■ DATA FOR THIS EXERCISE ■

=== Begin Enclosure ===

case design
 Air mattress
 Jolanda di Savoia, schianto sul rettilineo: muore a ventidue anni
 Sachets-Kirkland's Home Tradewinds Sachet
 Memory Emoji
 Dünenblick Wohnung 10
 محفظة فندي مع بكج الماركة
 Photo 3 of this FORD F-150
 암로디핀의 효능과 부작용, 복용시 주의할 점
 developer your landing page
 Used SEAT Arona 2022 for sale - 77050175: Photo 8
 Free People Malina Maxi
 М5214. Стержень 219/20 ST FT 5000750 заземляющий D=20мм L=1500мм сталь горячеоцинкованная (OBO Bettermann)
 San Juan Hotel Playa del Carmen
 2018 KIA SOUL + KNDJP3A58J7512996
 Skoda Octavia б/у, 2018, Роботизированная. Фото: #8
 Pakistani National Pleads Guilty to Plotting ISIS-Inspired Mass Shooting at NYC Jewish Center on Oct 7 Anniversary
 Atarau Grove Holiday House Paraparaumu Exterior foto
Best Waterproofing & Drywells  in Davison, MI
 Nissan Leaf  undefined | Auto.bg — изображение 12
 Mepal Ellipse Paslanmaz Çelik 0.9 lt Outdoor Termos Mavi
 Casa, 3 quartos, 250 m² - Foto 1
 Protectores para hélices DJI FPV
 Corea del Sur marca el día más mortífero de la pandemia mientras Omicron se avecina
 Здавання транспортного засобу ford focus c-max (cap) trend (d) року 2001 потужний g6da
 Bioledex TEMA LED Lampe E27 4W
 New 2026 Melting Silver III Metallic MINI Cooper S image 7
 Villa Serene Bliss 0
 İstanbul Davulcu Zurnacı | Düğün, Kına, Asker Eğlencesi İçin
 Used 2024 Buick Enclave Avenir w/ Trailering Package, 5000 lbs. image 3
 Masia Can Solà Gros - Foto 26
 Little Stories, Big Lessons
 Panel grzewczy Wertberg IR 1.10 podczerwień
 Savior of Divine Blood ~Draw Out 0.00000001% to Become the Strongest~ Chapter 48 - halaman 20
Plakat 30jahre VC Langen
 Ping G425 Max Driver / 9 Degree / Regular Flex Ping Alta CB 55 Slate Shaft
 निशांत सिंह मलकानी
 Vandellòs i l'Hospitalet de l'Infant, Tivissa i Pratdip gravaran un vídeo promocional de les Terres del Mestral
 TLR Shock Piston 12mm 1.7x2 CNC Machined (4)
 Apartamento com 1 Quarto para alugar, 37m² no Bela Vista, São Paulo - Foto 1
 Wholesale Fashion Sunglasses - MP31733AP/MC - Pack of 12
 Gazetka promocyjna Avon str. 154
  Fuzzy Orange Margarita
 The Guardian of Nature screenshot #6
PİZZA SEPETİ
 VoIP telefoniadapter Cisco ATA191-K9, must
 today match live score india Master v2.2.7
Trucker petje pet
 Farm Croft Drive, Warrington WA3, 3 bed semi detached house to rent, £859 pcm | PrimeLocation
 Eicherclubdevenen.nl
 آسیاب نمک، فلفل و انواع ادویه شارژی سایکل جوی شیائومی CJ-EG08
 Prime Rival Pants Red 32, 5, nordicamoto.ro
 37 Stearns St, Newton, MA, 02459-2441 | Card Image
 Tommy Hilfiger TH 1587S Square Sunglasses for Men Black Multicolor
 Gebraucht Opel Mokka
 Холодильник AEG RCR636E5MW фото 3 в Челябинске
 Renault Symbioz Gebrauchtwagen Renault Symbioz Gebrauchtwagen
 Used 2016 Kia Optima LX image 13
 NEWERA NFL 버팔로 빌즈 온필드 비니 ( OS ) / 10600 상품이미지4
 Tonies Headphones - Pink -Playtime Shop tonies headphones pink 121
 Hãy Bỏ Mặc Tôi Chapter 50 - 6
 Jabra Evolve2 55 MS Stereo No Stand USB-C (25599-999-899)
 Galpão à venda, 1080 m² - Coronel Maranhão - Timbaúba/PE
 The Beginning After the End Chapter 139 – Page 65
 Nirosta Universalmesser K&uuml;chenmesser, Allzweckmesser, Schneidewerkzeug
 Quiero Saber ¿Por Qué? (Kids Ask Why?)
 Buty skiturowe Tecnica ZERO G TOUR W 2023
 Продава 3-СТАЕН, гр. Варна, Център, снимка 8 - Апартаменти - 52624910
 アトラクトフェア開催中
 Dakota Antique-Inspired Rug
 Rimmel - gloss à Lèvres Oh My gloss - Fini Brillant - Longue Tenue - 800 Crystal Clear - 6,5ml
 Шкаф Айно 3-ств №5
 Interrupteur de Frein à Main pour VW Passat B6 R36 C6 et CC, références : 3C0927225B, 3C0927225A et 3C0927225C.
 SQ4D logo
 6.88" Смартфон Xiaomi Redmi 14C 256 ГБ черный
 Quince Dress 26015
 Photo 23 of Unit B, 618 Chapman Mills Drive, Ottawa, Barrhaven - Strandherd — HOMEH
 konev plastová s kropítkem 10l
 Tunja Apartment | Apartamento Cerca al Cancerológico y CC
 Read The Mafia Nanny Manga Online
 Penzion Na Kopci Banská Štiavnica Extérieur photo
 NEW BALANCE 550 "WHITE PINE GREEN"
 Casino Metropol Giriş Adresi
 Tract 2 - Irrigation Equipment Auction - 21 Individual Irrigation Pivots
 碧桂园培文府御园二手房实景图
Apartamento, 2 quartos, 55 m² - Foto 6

=== End Enclosure ===

In the data above, which lines include "quartos"? Return those lines.

 Casa, 3 quartos, 250 m² - Foto 1
Apartamento, 2 quartos, 55 m² - Foto 6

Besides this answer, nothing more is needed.